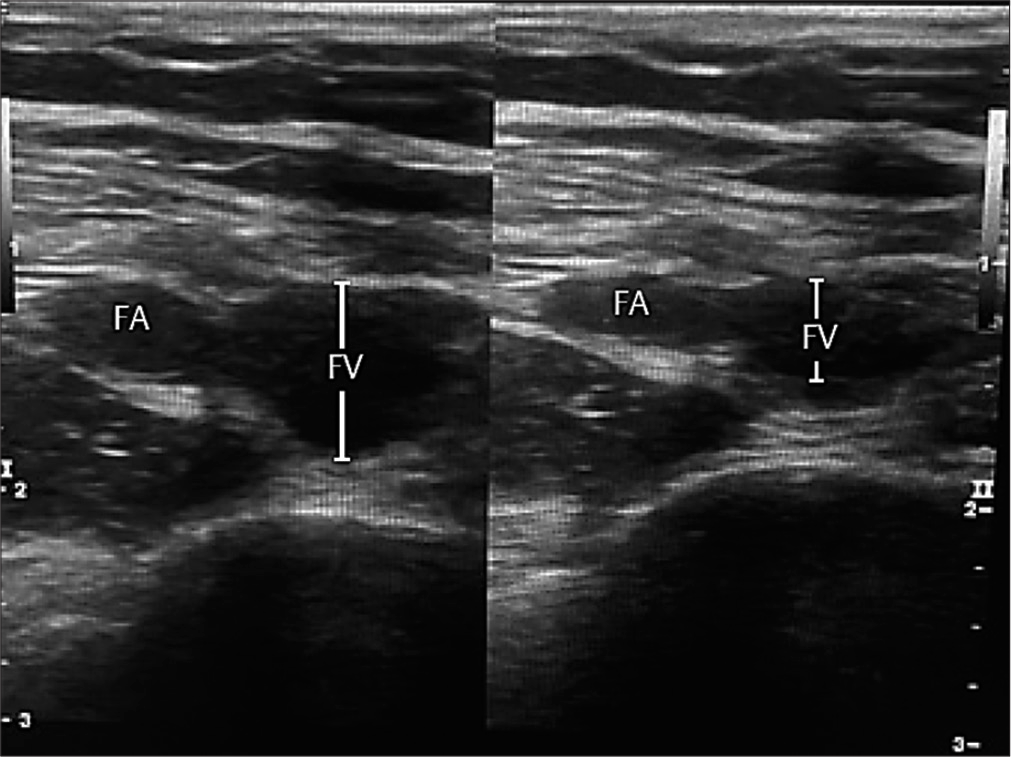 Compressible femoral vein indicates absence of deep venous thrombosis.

┄┄┄┄┄┄

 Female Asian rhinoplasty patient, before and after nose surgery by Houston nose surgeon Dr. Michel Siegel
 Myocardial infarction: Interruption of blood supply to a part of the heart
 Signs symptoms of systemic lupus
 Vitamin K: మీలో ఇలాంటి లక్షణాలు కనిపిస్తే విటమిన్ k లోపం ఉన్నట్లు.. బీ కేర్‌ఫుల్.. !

┄┄┄┄┄┄

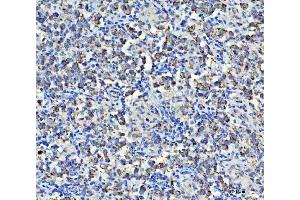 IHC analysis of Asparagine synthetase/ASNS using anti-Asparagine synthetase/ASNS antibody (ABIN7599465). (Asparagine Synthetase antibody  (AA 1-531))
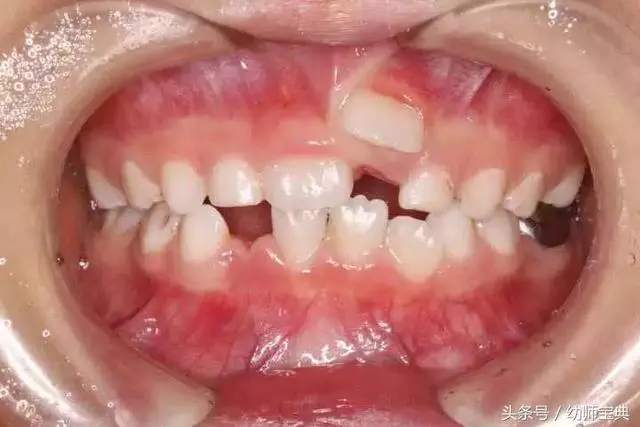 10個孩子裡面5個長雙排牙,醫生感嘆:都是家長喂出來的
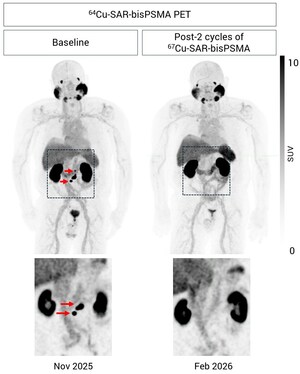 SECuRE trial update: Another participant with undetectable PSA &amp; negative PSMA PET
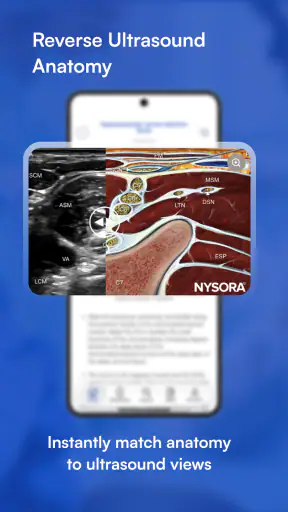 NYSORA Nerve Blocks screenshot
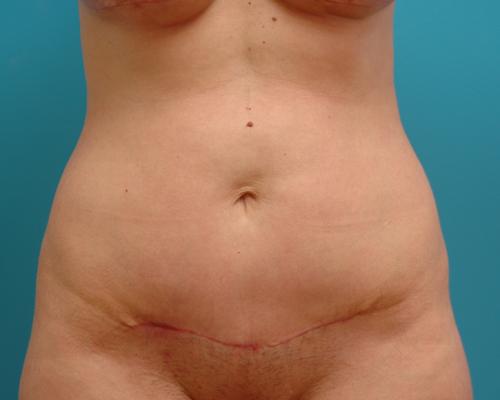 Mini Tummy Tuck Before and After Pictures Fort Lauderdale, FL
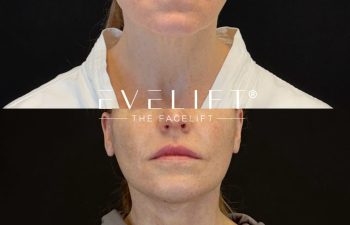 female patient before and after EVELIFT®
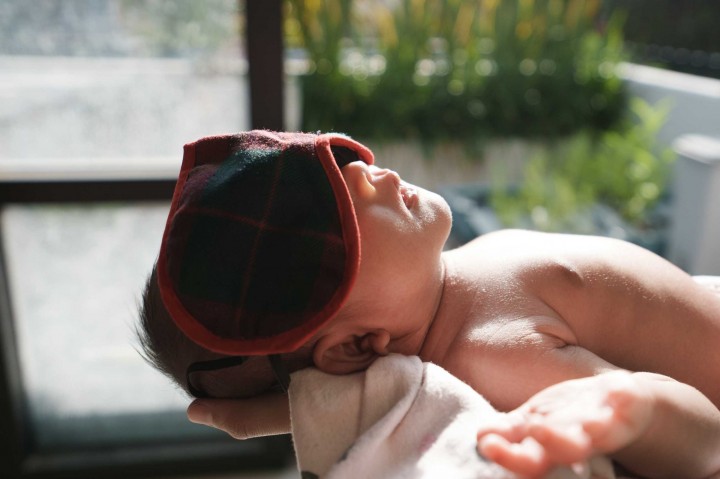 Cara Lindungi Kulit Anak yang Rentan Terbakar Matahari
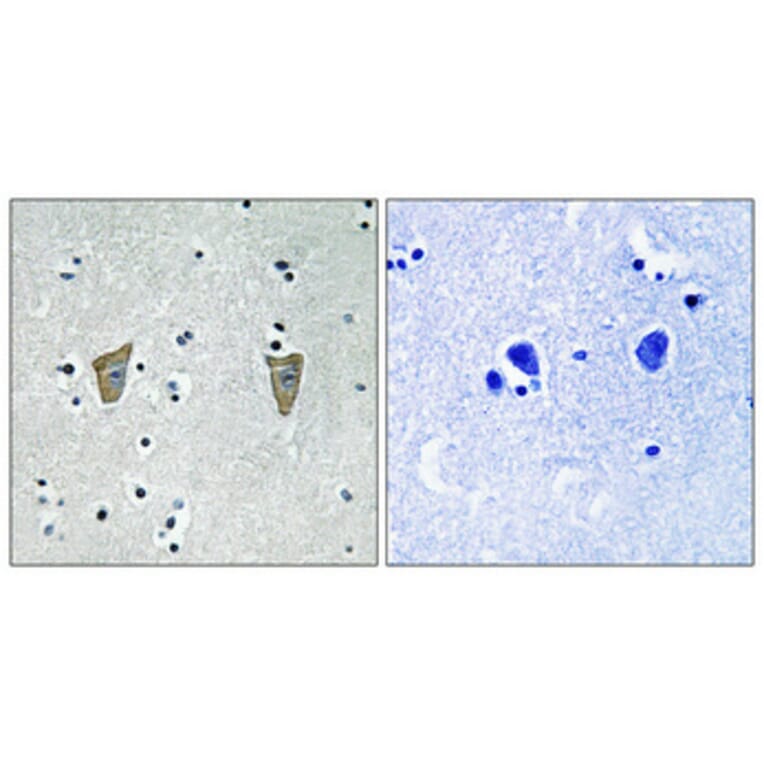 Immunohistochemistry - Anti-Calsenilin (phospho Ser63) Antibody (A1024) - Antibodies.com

┄┄┄┄┄┄

Restate word for word the lines of the data above, starting at the line containing "Signs symptoms of systemic lupus" and ending at the line containing "Vitamin K: మీలో", both included, and nothing more.

 Signs symptoms of systemic lupus
 Vitamin K: మీలో ఇలాంటి లక్షణాలు కనిపిస్తే విటమిన్ k లోపం ఉన్నట్లు.. బీ కేర్‌ఫుల్.. !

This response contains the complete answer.